START AVAILABLE DATA
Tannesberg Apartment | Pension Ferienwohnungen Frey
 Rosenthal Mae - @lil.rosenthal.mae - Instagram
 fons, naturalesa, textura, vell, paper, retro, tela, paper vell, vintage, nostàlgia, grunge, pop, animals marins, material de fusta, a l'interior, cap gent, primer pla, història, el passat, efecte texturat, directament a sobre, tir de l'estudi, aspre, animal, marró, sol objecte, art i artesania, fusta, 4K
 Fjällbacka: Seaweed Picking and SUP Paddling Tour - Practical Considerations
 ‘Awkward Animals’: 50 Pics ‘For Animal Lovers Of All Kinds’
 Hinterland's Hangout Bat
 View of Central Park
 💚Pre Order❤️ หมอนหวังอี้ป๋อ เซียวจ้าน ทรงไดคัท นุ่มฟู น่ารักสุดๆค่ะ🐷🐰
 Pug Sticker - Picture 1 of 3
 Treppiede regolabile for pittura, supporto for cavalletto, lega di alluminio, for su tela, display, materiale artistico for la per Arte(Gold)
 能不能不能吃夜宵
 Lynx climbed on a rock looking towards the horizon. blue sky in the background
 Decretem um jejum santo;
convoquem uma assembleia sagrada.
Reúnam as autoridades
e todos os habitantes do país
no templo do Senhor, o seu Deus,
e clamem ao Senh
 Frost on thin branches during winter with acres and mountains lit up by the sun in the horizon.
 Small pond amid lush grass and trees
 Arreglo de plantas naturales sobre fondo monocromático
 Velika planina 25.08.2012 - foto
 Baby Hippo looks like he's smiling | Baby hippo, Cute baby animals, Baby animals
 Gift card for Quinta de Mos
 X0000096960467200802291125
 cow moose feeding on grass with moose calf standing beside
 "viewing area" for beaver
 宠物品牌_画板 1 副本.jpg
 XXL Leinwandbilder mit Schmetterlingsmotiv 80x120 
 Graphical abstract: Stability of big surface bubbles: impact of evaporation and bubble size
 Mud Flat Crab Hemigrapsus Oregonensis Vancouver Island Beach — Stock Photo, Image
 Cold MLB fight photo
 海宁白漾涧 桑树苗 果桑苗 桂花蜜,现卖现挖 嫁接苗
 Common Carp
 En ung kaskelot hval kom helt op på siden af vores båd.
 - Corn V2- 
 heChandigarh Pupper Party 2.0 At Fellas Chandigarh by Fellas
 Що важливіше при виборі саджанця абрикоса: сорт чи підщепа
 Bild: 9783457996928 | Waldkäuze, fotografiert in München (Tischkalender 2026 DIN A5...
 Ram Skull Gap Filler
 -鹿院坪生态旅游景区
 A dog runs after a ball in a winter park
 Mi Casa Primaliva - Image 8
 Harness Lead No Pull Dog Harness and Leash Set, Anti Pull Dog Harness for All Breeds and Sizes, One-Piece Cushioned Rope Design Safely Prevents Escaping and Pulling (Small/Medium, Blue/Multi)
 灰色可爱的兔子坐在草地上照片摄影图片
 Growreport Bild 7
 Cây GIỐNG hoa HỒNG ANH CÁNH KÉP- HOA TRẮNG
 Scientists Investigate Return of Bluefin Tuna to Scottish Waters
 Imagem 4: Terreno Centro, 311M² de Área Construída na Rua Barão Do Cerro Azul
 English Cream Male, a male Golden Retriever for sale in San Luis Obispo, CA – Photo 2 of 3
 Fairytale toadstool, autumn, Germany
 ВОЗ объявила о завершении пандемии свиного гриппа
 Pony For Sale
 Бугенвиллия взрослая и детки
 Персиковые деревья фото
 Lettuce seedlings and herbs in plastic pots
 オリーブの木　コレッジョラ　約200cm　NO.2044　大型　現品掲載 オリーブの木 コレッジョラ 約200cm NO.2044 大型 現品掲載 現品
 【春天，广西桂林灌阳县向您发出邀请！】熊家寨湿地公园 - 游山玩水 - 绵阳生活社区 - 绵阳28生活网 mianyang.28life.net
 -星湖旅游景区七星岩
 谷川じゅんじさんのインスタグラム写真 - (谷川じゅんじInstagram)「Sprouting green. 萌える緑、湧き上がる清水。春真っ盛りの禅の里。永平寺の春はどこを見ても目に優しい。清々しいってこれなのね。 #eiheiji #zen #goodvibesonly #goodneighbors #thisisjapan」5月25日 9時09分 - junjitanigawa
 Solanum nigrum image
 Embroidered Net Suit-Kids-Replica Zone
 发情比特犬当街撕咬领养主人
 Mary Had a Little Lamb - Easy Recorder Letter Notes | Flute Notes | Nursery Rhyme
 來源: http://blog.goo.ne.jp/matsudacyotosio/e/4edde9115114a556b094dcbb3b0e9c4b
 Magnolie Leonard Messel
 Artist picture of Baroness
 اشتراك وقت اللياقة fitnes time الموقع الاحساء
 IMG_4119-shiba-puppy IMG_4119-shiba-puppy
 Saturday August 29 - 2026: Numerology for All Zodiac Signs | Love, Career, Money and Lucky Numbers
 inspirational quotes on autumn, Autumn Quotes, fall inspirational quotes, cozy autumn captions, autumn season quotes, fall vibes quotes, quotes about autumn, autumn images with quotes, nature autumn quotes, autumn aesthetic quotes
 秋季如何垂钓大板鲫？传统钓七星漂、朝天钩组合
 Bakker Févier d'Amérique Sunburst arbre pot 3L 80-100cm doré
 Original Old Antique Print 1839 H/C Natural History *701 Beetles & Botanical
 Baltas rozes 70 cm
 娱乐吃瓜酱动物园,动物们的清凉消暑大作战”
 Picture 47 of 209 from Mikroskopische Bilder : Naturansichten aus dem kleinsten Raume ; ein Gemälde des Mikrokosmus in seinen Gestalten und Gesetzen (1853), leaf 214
END AVAILABLE DATA
Copy exactly the line that contains "اشتراك وقت اللياقة" and every line after it, up to and including the last line of the records.

_ANSWER AREA_.
 اشتراك وقت اللياقة fitnes time الموقع الاحساء
 IMG_4119-shiba-puppy IMG_4119-shiba-puppy
 Saturday August 29 - 2026: Numerology for All Zodiac Signs | Love, Career, Money and Lucky Numbers
 inspirational quotes on autumn, Autumn Quotes, fall inspirational quotes, cozy autumn captions, autumn season quotes, fall vibes quotes, quotes about autumn, autumn images with quotes, nature autumn quotes, autumn aesthetic quotes
 秋季如何垂钓大板鲫？传统钓七星漂、朝天钩组合
 Bakker Févier d'Amérique Sunburst arbre pot 3L 80-100cm doré
 Original Old Antique Print 1839 H/C Natural History *701 Beetles & Botanical
 Baltas rozes 70 cm
 娱乐吃瓜酱动物园,动物们的清凉消暑大作战”
 Picture 47 of 209 from Mikroskopische Bilder : Naturansichten aus dem kleinsten Raume ; ein Gemälde des Mikrokosmus in seinen Gestalten und Gesetzen (1853), leaf 214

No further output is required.